I think it’s important to have trustworthy information about validators and especially recognition for the public good contributions. I don’t think it’s wise to dictate how any organization operates when there’s no way to enforce that. Once the gov module updates come in the Rho upgrade, the Cosmos Hub Community Pool can make delegations. That kind of delegation can be enforced with the governance module and I think should be the focus if you’re looking for enforceable delegations.
The criteria listed is valuable and I know that it would likely overlap with any public transparent delegation policy (which ICF has had near the top of the to do list for a very long time but unfortunately other critical items keep topping it) but I don’t think there is any reason to attempt to force brick and mortar entities to follow something that can’t actually be enforced. I think that collecting public data about validators and making it more accessible is valuable work. I know Thyborg from twitter is working on one such endeavor (link). In order to avoid bias i think it’s important that there is never one “canonical” approved validator list either. That would be too easy to corrupt.

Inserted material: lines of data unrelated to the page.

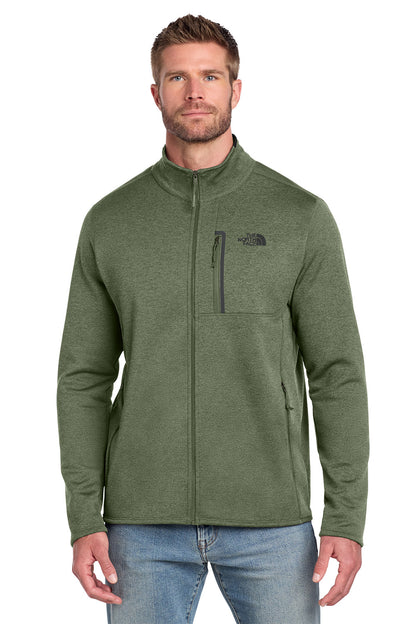 Man wearing a green fleece jacket with a brand logo on a white background embroidered The North Face® Skyline Full-Zip Fleece Jacket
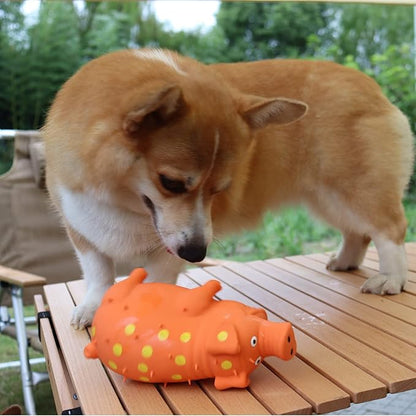 Pig Squeaky Dog Toy, 2 PCS Interactive Rubber Dog Chew Toy - Durable Latex Spot Grunting Pig Toys that Oink for Small Medium Large Dogs (Orange, Green)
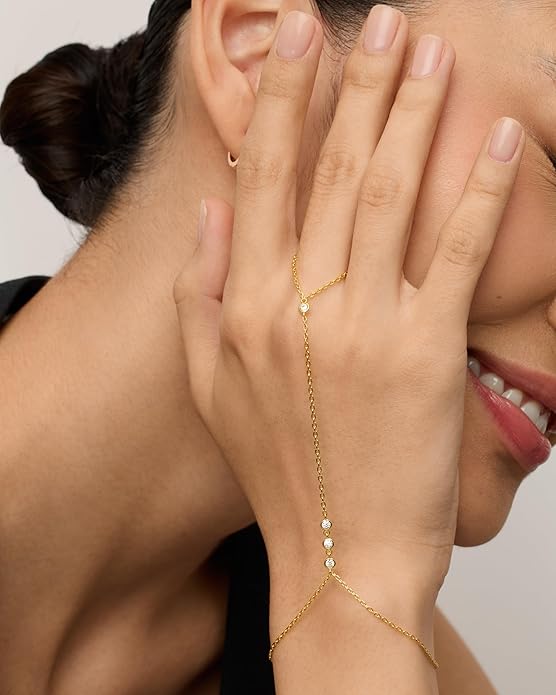 Bracelet de main en perles | Or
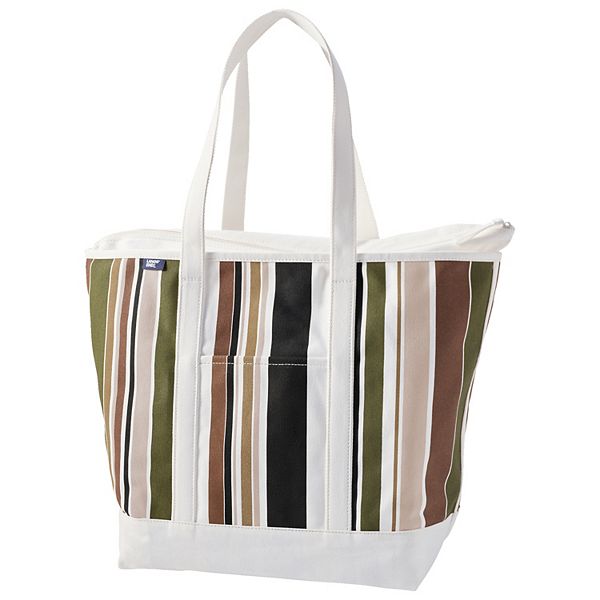 Lands' End Zip Top Canvas Long Handle Extra Large Tote Bag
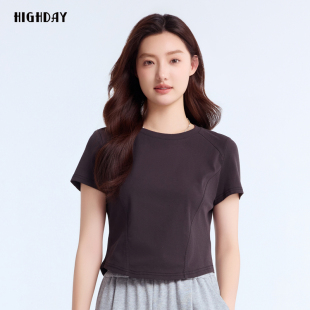 圆领小众上衣女休闲时尚 新款 T恤 体恤2025春夏季 highday轩日短袖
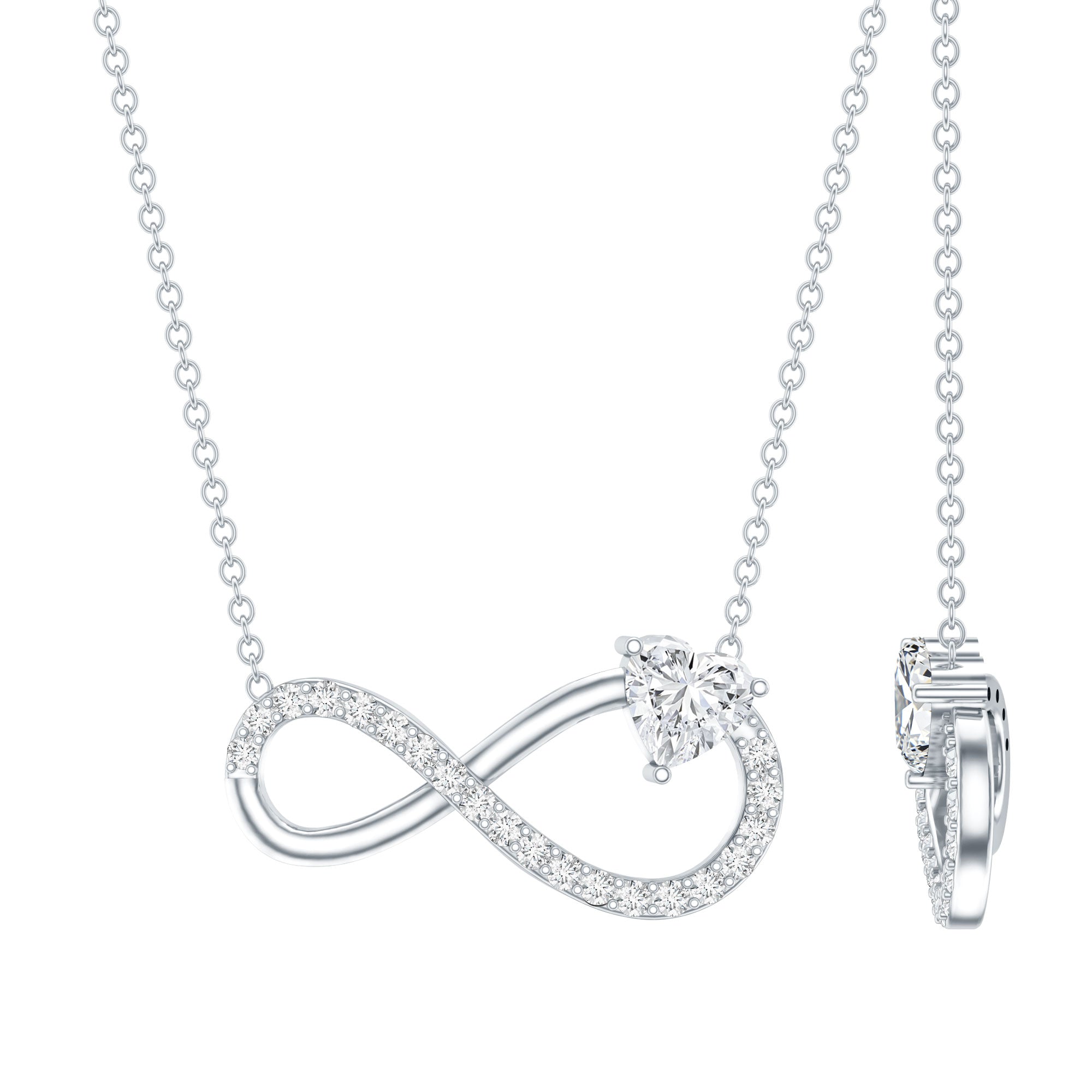Lab Grown Diamond Infinity Heart Necklace For Women Lab - ( EF-VS ) - Rosec Jewels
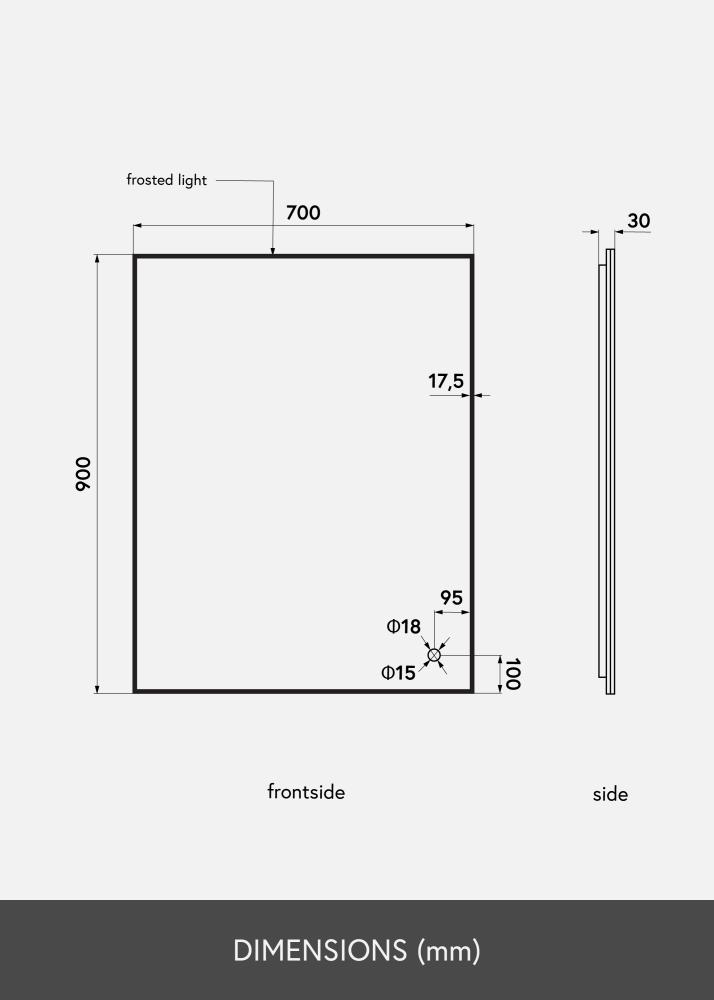 KAILA KAILA Mirror Corners II LED 70x90 cm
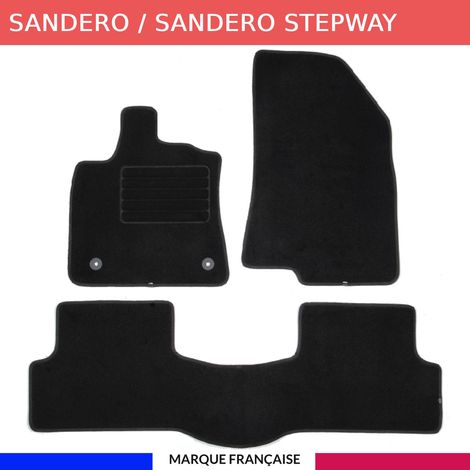 Tapis de voiture - Sur Mesure pour SANDERO / STEPWAY (dès 01/2021) - 3 pièces - Tapis de sol antidérapant pour automobile (1/4)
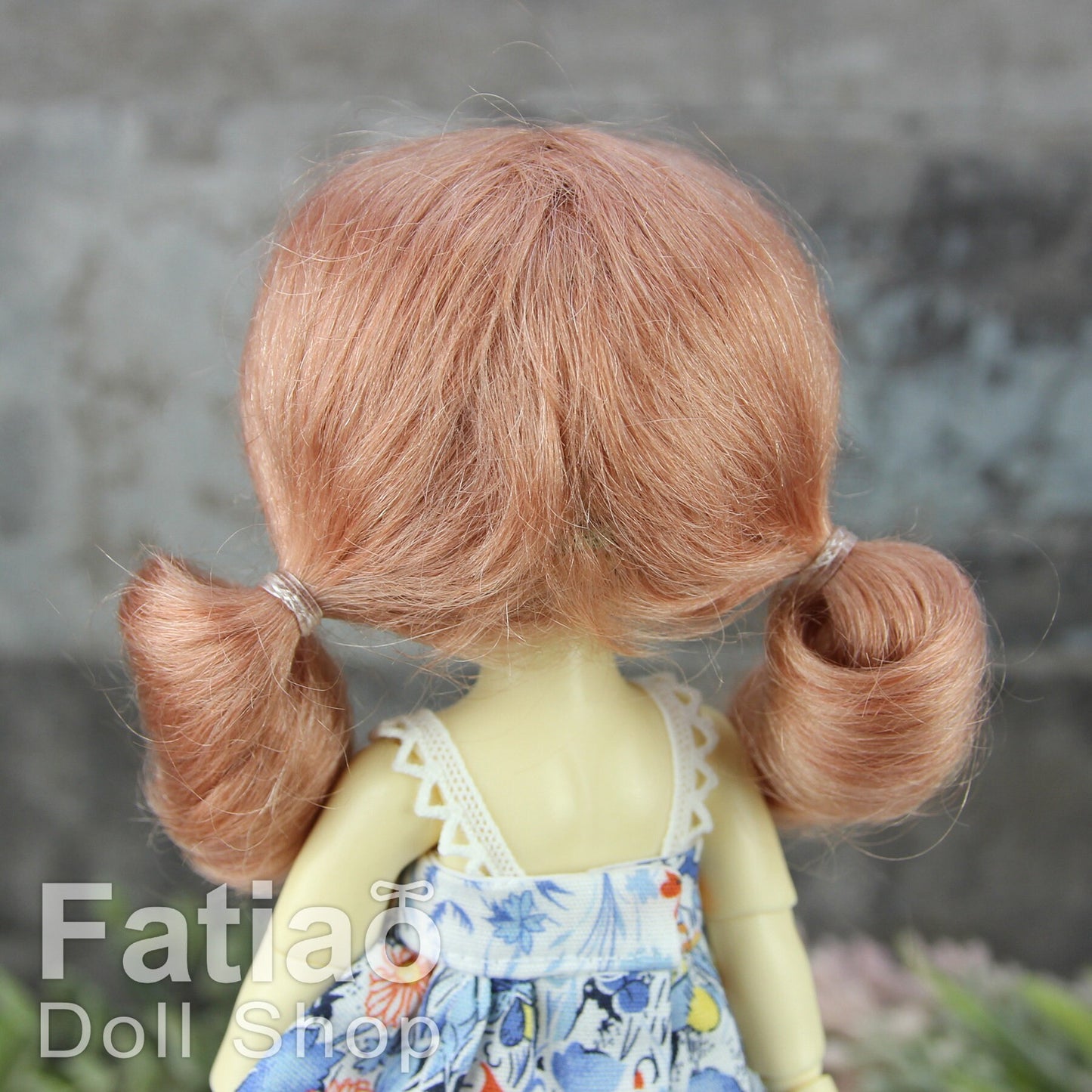 Fatiao - BJD Dollfie Lati Yellow Pukifee 5-6 inch Mohair Doll Wig - Deep Pink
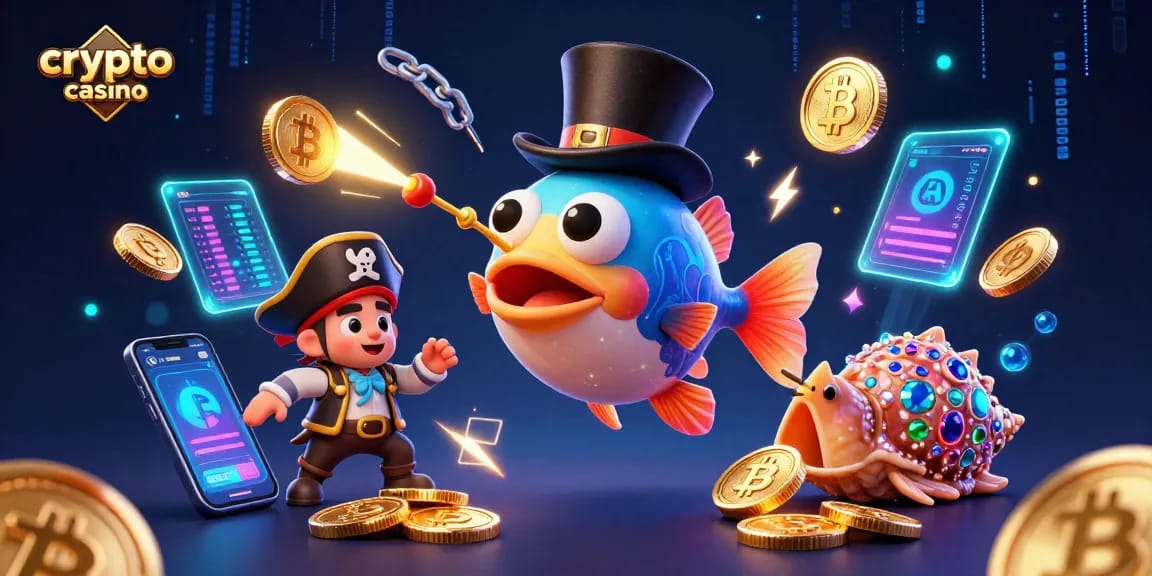 Scopri il crypto casino con l'illustrazione di un pesce lanterna attrattivo e simboli delle criptovalute.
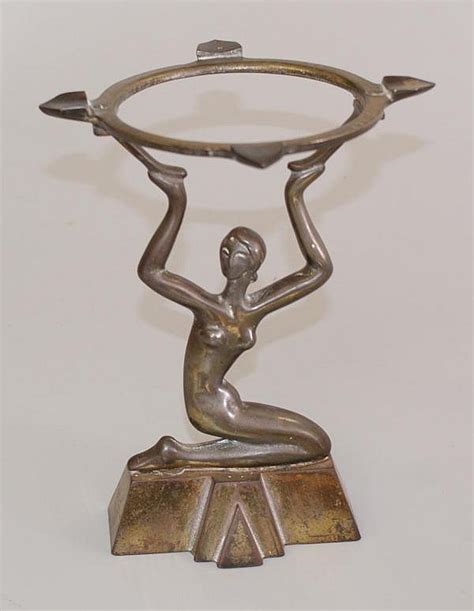 Lot Cast Metal Art Deco Nude Figural Ashtray Stand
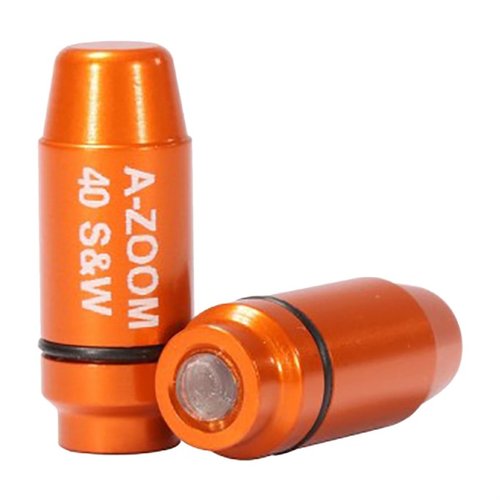 AMMO SNAP CAP DUMMY ROUNDS fra A-ZOOM er perfekte for å øve på lasting, tømming og tørrskyting, med slitesterk aluminium og realistisk design.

Jacob, my suggestion would be that you use the data you collected to make a validator ranking system that incorporates all of these qualities and provide it to the community in addition to Thyborgs. Maybe cosmonauts and institutions like ICF or Ignite will save time by using one or both of those lists, maybe they will take input from them, and maybe block explorers will incorporate the ratings like Michelin stars for users to choose. I believe that would satisfy the core issue and doesn’t lead to a centralized “who’s in” whitelist of validators or any attempt to control individuals or entities that have no legal obligation to manage their funds according to the cosmos hub governance system.